Data comparing scores over the past five years showed a steady increase in the number of Norman high school students choosing to take AP exams as well as a slow climb in performance, with 764 students taking AP exams during the 2011-2012 school year.
Out of 1,376 tests taken by Norman high school students (an average of approximately two tests per student) during this time, 833 earned a score of 3 out of 5 or higher, a score high enough to exempt students from base-level college courses in most state schools around the country.
Norman high school students also showed a slight but steady decline in PSAT performance, which Assistant Superintendent Shirley Simmons said the district is attempting to address by encouraging students to retake the test.
“We administer the PSAT to our freshman, and in the past, students who wanted to take the test again as sophomores or juniors had to pay the testing fee. This year, we’re using district funds to subsidize students wishing to retake the PSAT,” Simmons said.
Overall, Ascher’s presentation emphasized the importance of practice testing, rigorous coursework and professional development for teachers in helping students graduate “college ready.”
“According to the National Center for Higher Education Management Systems, only 20 out of every 100 American high school freshmen will earn a bachelor’s degree within six years of graduating from high school. This is why every student needs rigorous curriculum,” Ascher said.

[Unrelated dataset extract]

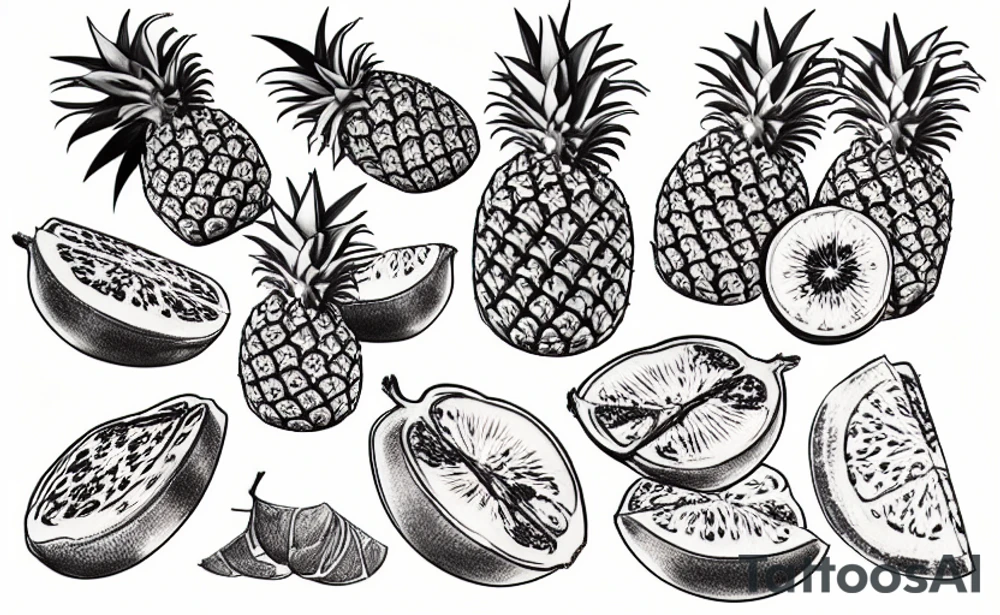 "Fruit box with pineapples and papayas" tattoo idea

Board members Linda Sexton and Don Shandy briefly discussed the educational value of beginning college readiness testing as young as seventh grade, with Sexton raising concerns about whether test results reflect test preparedness or actual aptitude in students and all present concluding that earlier “practice” testing should become more common in late middle school.
“I believe there’s educational value in learning to take the test,” Shandy said. “There’s the principle that you learn as you prepare to be tested, there are cadences and structures to certain exams like the Law school exam, and my children have said they found test prep to be very helpful.”
“There are a lot of kids in our district testing poorly on the fifth-grade CRT test because the content is presented differently on the test than how it’s taught in class,” Superintendent Joe Siano said. “I think it’s an unfair approach to testing. It doesn’t give students their best opportunity to show what they know. That’s why we need to find in-school methods to encourage earlier test preparation to students and especially parents.
“We need to drop down the grade level where we begin talking about these things and, therefore, reach more parents.”